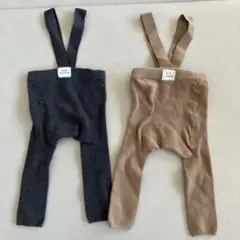 funnylazybones サスペンダータイツ M 2点セット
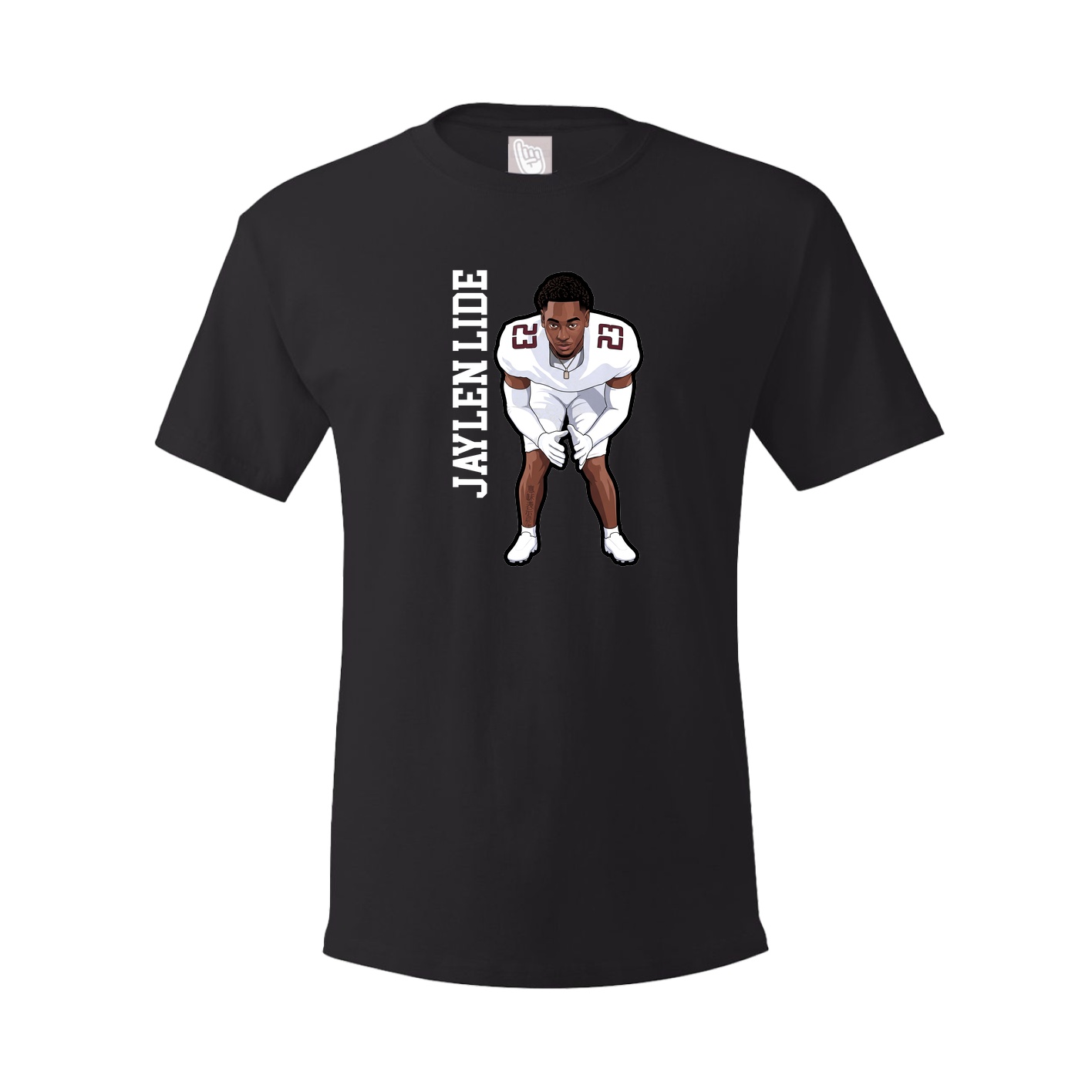 Tee — Name Vertical in Black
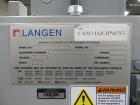 Used- Langen B1-M Cartoner, 9' Load area, Hot Melt, 9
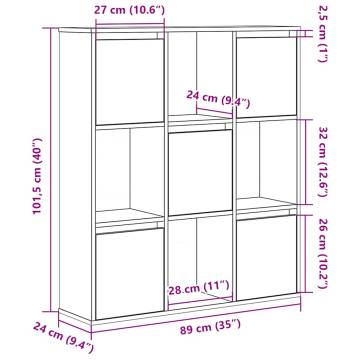 Sonoma Oak Bookcase - Stylish & Durable Storage Solution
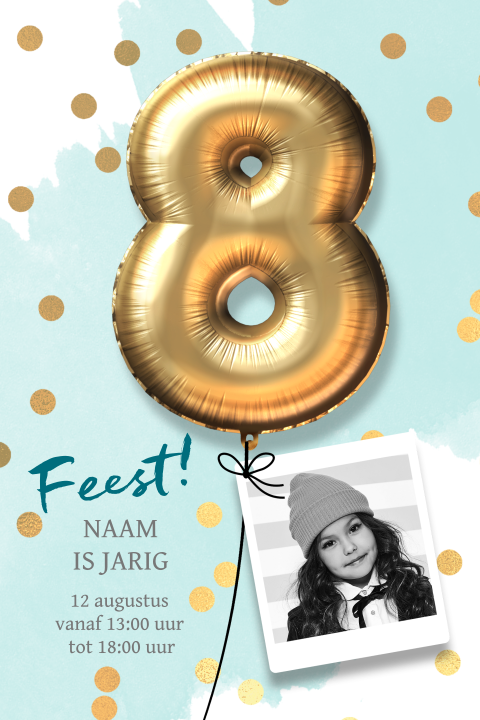 Uitnodiging kinderfeestje meisje 8 jaar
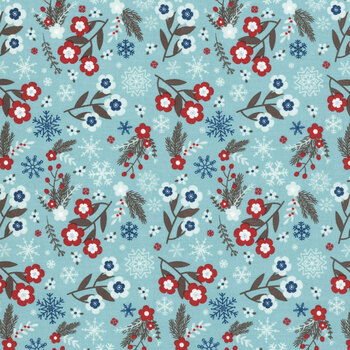 A Perfect Winter C17991-BLUE by Lori Whitlock for Riley Blake Designs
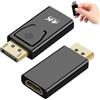 KARELLS Adattatore DisplayPort a HDMI 4K, 2 Pezzi Displayport Maschio HDMI Femmina, Adattatore DisplayPort a HDMI, 4K DP a HDMI Adattatore Displayport, per HDTV, Monitor, Proiettori, Portatili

WHAT THE EXERCISE ASKS ::
Output, exactly, all the records above; include no pictures.

ANSWER BELOW ::
 funnylazybones サスペンダータイツ M 2点セット
 Tee — Name Vertical in Black
 Used- Langen B1-M Cartoner, 9' Load area, Hot Melt, 9
 Sonoma Oak Bookcase - Stylish & Durable Storage Solution
 Uitnodiging kinderfeestje meisje 8 jaar
 A Perfect Winter C17991-BLUE by Lori Whitlock for Riley Blake Designs
 KARELLS Adattatore DisplayPort a HDMI 4K, 2 Pezzi Displayport Maschio HDMI Femmina, Adattatore DisplayPort a HDMI, 4K DP a HDMI Adattatore Displayport, per HDTV, Monitor, Proiettori, Portatili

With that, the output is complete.